Queste sono domande normali che ognuno si chiederebbe e dalle quali sarebbe frenato dal fare “la cosa giusta” di Lee-iana memoria. Risulta evidente a questo punto che le protagoniste del film sono l’indifferenza del cittadino medio, e la miseria umana dei quattordici passeggeri coinvolti; non conto gli unici due innocenti in quanto addormentati, il barbone e la bambina. Il fastidio per la codardia dei passeggeri, sono loro i vigliacchi del titolo, non i due criminali come qualcuno potrebbe pensare, ci porta a tratti a tifare per Musante e Sheen: non perché siano nel giusto ma perché l’ignavia dei vigliacchi e cento volte più pesante da sopportare, al punto che si spera che le vessazioni superino il limite e scatenino una reazione. Così è, anche se non precisamente quella auspicata.

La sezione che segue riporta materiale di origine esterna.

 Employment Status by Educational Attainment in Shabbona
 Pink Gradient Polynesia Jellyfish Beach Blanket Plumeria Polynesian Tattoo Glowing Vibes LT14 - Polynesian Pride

I demoni, i vigliacchi, l’eroe
Ciò che emerge dal film è una visione impietosa e amara della società moderna: il film è del ’67 ma, con pochi accorgimenti di carattere storico, potrebbe essere adattato senza problemi, e nulla risulterebbe fuori luogo. Non gli psicologismi dei personaggi almeno. Nel tripudio delle miserie umane dei singoli passeggeri, abbiamo un solo atto morale a darci un barlume di speranza. Magra consolazione di fronte alla spiazzante verità che Musante e Sheen evidenziano, veri demoni del Caos, esternatori del peggio di ognuno di noi e vincitori del duello morale:
Passeggero: «Secondo te siamo ad armi pari?»
Joe Ferrone (Musante): «No, macché… Siete voi tutti contro noi due, ci sto lo stesso.»